Diğer yandan çok kazandıran bazı mesleklere bakarsak. İyi bir beyin cerrahi spor eğitmenime “Keşke babam küçükken beni bir demir atölyesine çırak olarak verseymiş. Böylece sabahtan akşama kadar demir döverdim, stres yapmazdım. Az kazanırdım ama eve geldiğimde kafam rahat, mutlu ve huzurlu olurdum” demiş. Şimdi ise hayati önem taşıyan ameliyatlar yaptığını, bir insanın yaşamı söz konusu olduğu için gece rüyalarında bile ameliyat gördüğünü, sorumluluğu çok yüksek olduğu için sürekli stres altında olduğunu iletmiş.
Bu konuşmayı duyunca sevgili Doğan Cüceloğlu’ nun yaptığı bir anket aklıma geldi. Mutlulukla, cehalet ve farkında olmak arasındaki ilişkiyi karşılaştırmalı olarak soran sorulara okuyuculardan cevaplar alınmış. İki görüş var:
“A” görüşü şu: Ne kadar çok öğrenirsen, ne kadar çok bilirsen, ne kadar çok gelişir ve farkına varırsan o kadar çok sorunları görür ve mutsuz olursun. Gelişmek ve farkına varmak insana mutsuzluk getirir. Özetle, “cehalet mutluluktur.”
“B” görüşü şu: Ne kadar çok öğrenirsen, ne kadar çok bilirsen, ne kadar çok gelişir ve farkına varırsan o kadar olgunlaşır, güçlenir, kendini ve dünyayı tanımanın verdiği bir bilinçle yaşamını kendi bireysel seçimlerinle yaşama olasılığını canlı tutarsın. Özetle, “insanlar farkında olduğu kadar yaşar.”
Ben hangi görüşte olduğuma dair bir cevap vermeyeceğim. Doğan Cüceloğlu kendi internet sitesinde bu iki görüşe gelen birçok cevabı yayınlamış. İsteyenler araştırabilir.
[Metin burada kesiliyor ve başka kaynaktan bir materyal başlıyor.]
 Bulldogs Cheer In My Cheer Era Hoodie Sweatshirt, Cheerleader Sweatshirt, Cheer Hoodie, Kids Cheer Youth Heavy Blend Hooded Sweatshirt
Sizler kendi cevabınızı kendiniz biliyorsunuz ve herkesin cevabı farklı. Çünkü burada kesin doğru bir cevap yok.
Hayatta her şey içeriden başlar. Rüyalarımız, hayallerimiz, kendimize olan saygımız, sevgi, mutluluk, depresyon ve kendimizden kaynaklanan düş kırıklıklarımız, evet hepsi ama hepsi içten dışadır. ‘Ben’ veya ‘kendimi tanımak hepimizin yolculuk etmesi gereken içeriye doğru yolculuğu işaret eder.
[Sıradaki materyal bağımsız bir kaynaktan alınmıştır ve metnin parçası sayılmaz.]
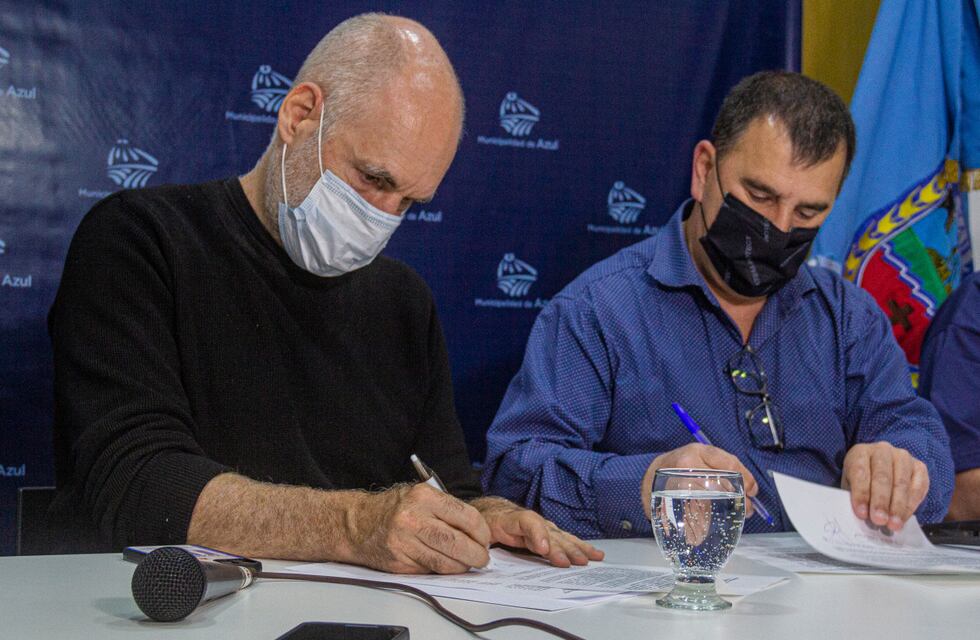 Rodríguez Larreta en Azul: “Los únicos que podemos frenar al kirchnerismo somos nosotros”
Aslında sistem basit bir mantıkla çalışmaktadır. Kendimizi akıl ve kalp ikilisinden oluşmuş bir makine olarak düşünürsek amaç dengeyi bulmaktır. Hayatımızın ahenkli bir uyum içinde geçmesini istiyorsak öncelikle kendimizi içten bir şekilde sevmeliyiz.
Sevgi ile kalın…
e-mail:
info@ndlondon.com
- Kendiniz Olma Alışkanlığı…
- Hayata Dair…
- Zihin, Duygu ve Beden Bağlantısı…
- 25. Kare Tekniği ve Subliminal Mesaj Nedir?
- Hayata Dair…
- Kadının Bilgeliği…
- Para Koçluğu Nedir?
- Geçmişim, İzin Ver De Gelişeyim…
- Yürek Isıtan Görüntüler Lazım…
- Motive Eden Film Önerilerim…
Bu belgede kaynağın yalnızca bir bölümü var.